Hello all,
I am trying to implement rotational symmetry for an SOS problem. In particular, I followed the example problem here: Dihedral symmetry of the Robinson form · SumOfSquares.
My goal is to use a cyclic group instead for a simple rotation symmetry, I don’t need to implement the rotation piece, and this resulted in the following code.
using DynamicPolynomials
using SumOfSquares
using Mosek
using MosekTools
using PermutationGroups
using GroupsCore
using SymbolicWedderburn
include("/Users/elizabethc/Documents/Code/JULIA_SOS_Couette/CyclicGroup.jl")
struct CyclicAction <: Symmetry.OnMonomials end
SymbolicWedderburn.coeff_type(::CyclicAction) = Float64
@polyvar a[1:6]
poly3 = sum(a.^2)
function SymbolicWedderburn.action(::CyclicAction, el::CyclicGroupElement, mono::AbstractMonomial)
var_a3, var_a4 = a[4], a[3]; var_a5, var_a6 = a[6], a[5]
sign_aodd = 1 <= el.residual <=2 ? -1 : 1
sign_aeven = 2 <= el.residual ? -1 : 1
return mono([a[1], a[2], a[3], a[4], a[5], a[6]] => [a[1], a[2], sign_aodd*var_a3, sign_aeven*var_a4, sign_aodd*var_a5, sign_aeven*var_a6])
end
G = CyclicGroup(4)
pattern3 = Symmetry.Pattern(G, CyclicAction())

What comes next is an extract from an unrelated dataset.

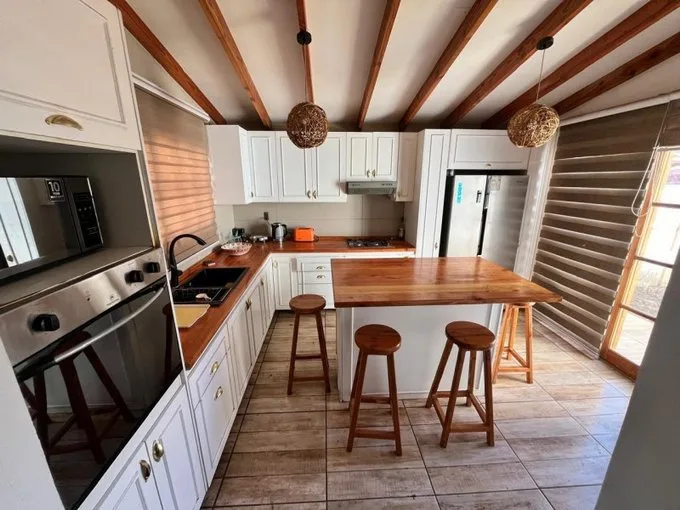 Arriendo de Casa en Copiapó, Copiapó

model3 = SOSModel(Mosek.Optimizer)
@variable(model3, α3)
con_ref3 = @constraint(model3, poly3 >= α3, symmetry = pattern3)
optimize!(model3)
@show termination_status(model3)
@show objective_value(model3)
This yields an infeasible result using the optimization toolbox Mosek, and an empty constraint result using the optimization toolbox CSDP, which makes no sense since polynomial poly
is sum-of-squares by definition But, if I check that the symmetry is being correctly implemented using the following for loop
for g in G
@show SymbolicWedderburn.action(CyclicAction(), g, poly)
end
it shows that the polynomial is invariant under the claimed rotation, as it should be. We can check the proper symmetry is being imposed with lin = sum(a)
.
To see if I understood some structure incorrectly, I went back to the dihedral Robinson from example from the JuMP/SumOfSquares documentation, and thought to implement the exact same method, but instead of the polynomial being the Robsinson form p(x,y), I generalized it so that we have the new polynomial P(x_1, x_2,y_1,y_2) = p(x_1,y_1) + p(x_2,y_2). The Wedderburn action should be the same but now adjusted to make sure that the rotations and reflections are happening to (x_i,y_i), a very easy adjustment, and easily checked again by the for loop. If I then attempt to run the optimization model, I receive the following error, with a corresponding stacktrace:
ERROR: No permutation can make [[0.0 1.0; -1.0 0.0], [0.0 -1.0; -1.0 0.0]] and [[0.0 1.0; -1.0 0.0], [0.0 1.0; 1.0 0.0]] match
If I change the polynomial to a sum-of-squares, it declares feasibility and then gives me an optimal value t=-7.740740..., which is completely incorrect it should be 0. I can’t make heads nor tails of these errors, and the only person I know in my group who has experience with this is hypothesizing that it is actually a symmetry package compatibility issue with SOS. Any insight on what the issue might be would be greatly appreciated.